SOURCE DATA
•••

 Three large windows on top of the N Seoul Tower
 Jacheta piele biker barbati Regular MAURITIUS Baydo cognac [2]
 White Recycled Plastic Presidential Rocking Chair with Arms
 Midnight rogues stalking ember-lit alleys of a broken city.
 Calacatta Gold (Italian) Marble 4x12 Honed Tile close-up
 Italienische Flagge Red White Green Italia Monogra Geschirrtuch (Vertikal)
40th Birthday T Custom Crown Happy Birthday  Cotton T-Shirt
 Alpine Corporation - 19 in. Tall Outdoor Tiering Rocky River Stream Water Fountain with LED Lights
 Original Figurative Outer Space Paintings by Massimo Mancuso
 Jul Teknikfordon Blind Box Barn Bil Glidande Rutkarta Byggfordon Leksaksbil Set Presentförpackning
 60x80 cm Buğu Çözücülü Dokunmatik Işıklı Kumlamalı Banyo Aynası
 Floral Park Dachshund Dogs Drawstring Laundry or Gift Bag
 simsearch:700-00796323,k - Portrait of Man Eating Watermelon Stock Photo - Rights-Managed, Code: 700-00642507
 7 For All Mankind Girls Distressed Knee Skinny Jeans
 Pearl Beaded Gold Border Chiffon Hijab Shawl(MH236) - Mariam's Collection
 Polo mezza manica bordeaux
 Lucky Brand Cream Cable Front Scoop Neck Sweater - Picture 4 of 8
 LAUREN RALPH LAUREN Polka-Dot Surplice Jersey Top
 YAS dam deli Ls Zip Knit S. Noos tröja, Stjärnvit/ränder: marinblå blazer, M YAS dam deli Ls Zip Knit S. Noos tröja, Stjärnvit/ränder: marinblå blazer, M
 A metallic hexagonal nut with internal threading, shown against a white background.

•••

TO DO
The response must reproduce the whole listing exactly.

ANSWER FOR THE TASK
 Three large windows on top of the N Seoul Tower
 Jacheta piele biker barbati Regular MAURITIUS Baydo cognac [2]
 White Recycled Plastic Presidential Rocking Chair with Arms
 Midnight rogues stalking ember-lit alleys of a broken city.
 Calacatta Gold (Italian) Marble 4x12 Honed Tile close-up
 Italienische Flagge Red White Green Italia Monogra Geschirrtuch (Vertikal)
40th Birthday T Custom Crown Happy Birthday  Cotton T-Shirt
 Alpine Corporation - 19 in. Tall Outdoor Tiering Rocky River Stream Water Fountain with LED Lights
 Original Figurative Outer Space Paintings by Massimo Mancuso
 Jul Teknikfordon Blind Box Barn Bil Glidande Rutkarta Byggfordon Leksaksbil Set Presentförpackning
 60x80 cm Buğu Çözücülü Dokunmatik Işıklı Kumlamalı Banyo Aynası
 Floral Park Dachshund Dogs Drawstring Laundry or Gift Bag
 simsearch:700-00796323,k - Portrait of Man Eating Watermelon Stock Photo - Rights-Managed, Code: 700-00642507
 7 For All Mankind Girls Distressed Knee Skinny Jeans
 Pearl Beaded Gold Border Chiffon Hijab Shawl(MH236) - Mariam's Collection
 Polo mezza manica bordeaux
 Lucky Brand Cream Cable Front Scoop Neck Sweater - Picture 4 of 8
 LAUREN RALPH LAUREN Polka-Dot Surplice Jersey Top
 YAS dam deli Ls Zip Knit S. Noos tröja, Stjärnvit/ränder: marinblå blazer, M YAS dam deli Ls Zip Knit S. Noos tröja, Stjärnvit/ränder: marinblå blazer, M
 A metallic hexagonal nut with internal threading, shown against a white background.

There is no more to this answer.